I ask this because I have a AMD Phenom(tm) 9600, and cat /proc/cpuinfo doesn't show anithing about numa but the help screen into make menuconfig tell that numa must be enabled for a k8 processor, and the phenom is a k8 processor. So, i am sure of nothing.

----------

## gimpel

 *Dominique_71 wrote:*   

> I ask this because I have a AMD Phenom(tm) 9600, and cat /proc/cpuinfo doesn't show anithing about numa but the help screen into make menuconfig tell that numa must be enabled for a k8 processor, and the phenom is a k8 processor. So, i am sure of nothing.

 

Hey Dominique_71  :Smile: 

That help is indeed irritating. NUMA is for multi-processor systems, each processor can have multiple cores. In other words, a dual/quad-core processor is still ONE single processor. So as long you only have one, NUMA support in the kernel is quite useless.

See http://developer.amd.com/Pages/810200618_7.aspx

----------

## Dominique_71

Thank you gimpel   :Very Happy: 

Now, that make sens.

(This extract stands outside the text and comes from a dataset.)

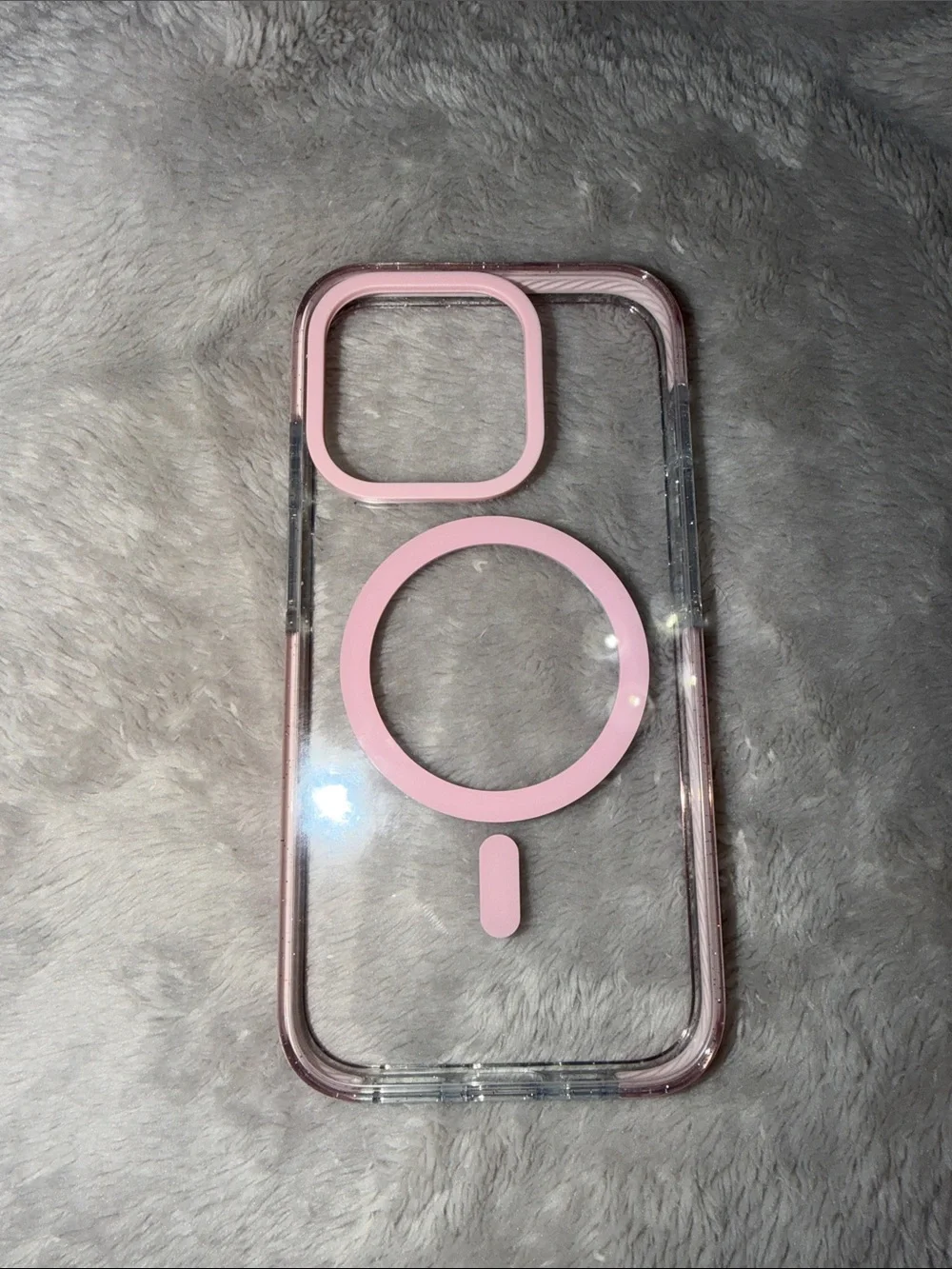iPhone 15 Pro Case Clear Pink Magnetic Ring - Compatible Cell Phone Accessory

Very informative link btw.

----------

## gentoo_ram

NUMA support is for large servers where memory and CPU could be separated by relatively slow busses.  The only servers I've heard of that would need NUMA would be large HP servers with Alpha or Itanium chips.  We're talking servers that support 32-64 processors and cost many hundreds of thousands of dollars.   I'm guessing IBM might have those as well, but I'm not aware of them.

The reason why they are NUMA is because "CPU modules" have memory and 4 processors on them.  Modules are separated by a switch/bus architecture.  The memory close to your CPUs are relatively faster than the memory on other modules.

Believe me, if you have NUMA you would know about it.  If you're not sure, you don't have it.  No "PC" class machines have this issue.

----------